> **PROMPT**
Retype nothing except the lines below from the one with "1028 W Inlet Drive Marco Island FL 34145" through the one with "2041 Della Lane, Greenville, NC 27858", exactly, with images left out.

> **THE RECORDS**
━━━━━━
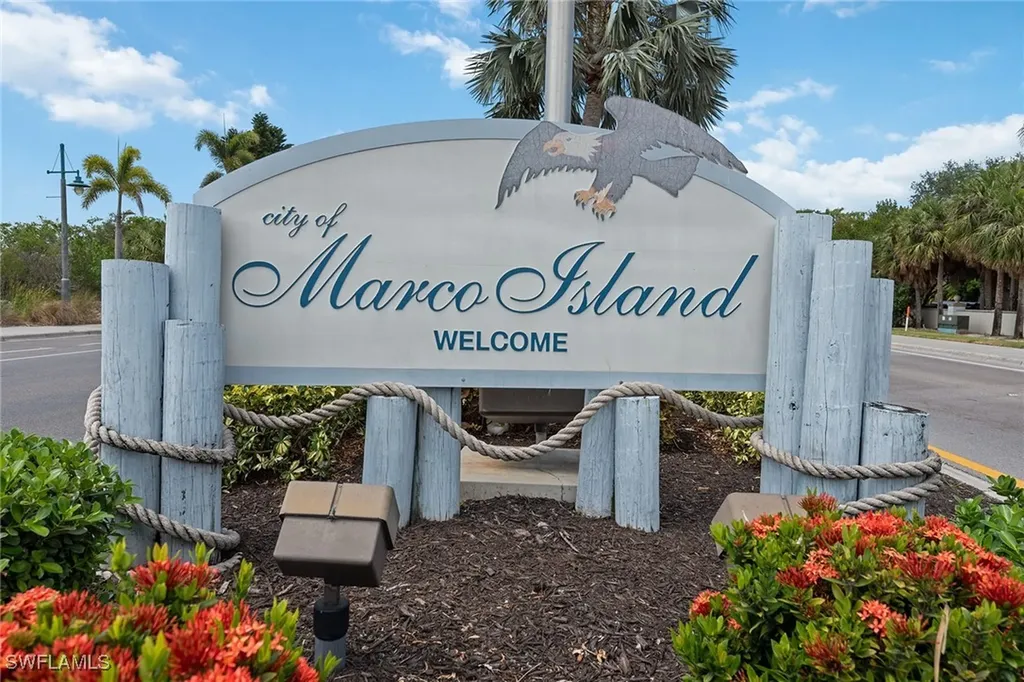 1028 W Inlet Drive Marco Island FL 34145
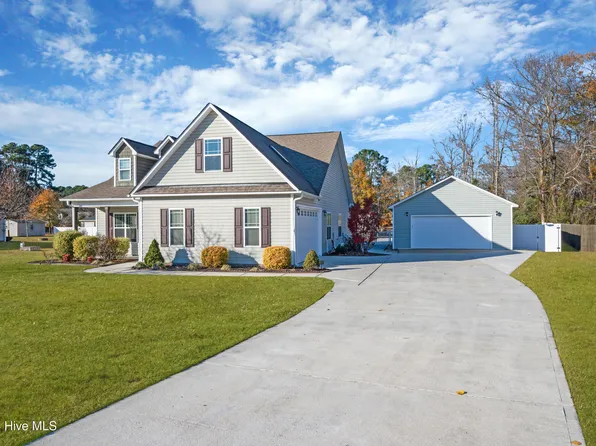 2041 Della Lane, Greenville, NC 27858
━━━━━━
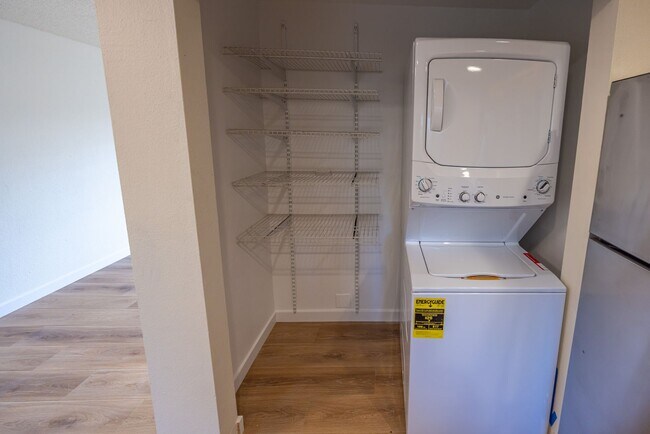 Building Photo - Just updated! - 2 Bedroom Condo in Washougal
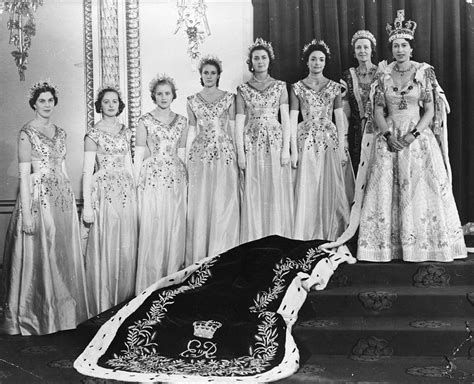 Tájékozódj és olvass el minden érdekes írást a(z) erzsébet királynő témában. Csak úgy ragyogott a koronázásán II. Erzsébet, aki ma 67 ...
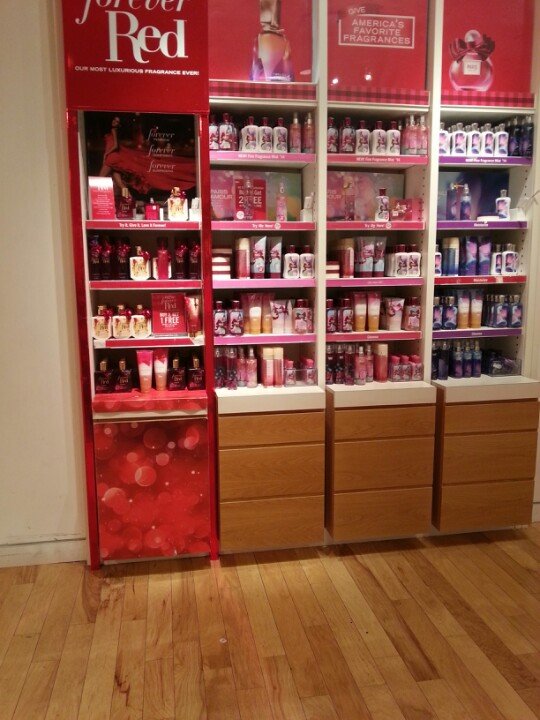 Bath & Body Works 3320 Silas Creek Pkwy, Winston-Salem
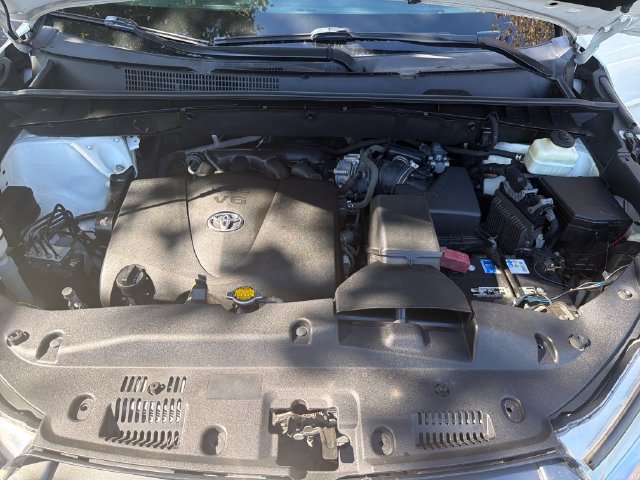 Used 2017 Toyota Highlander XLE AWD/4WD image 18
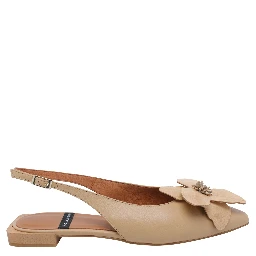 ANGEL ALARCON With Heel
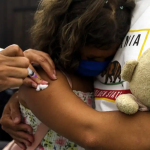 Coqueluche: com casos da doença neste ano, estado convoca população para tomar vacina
━━━━━━
> **TASK ANSWER**
 1028 W Inlet Drive Marco Island FL 34145
 2041 Della Lane, Greenville, NC 27858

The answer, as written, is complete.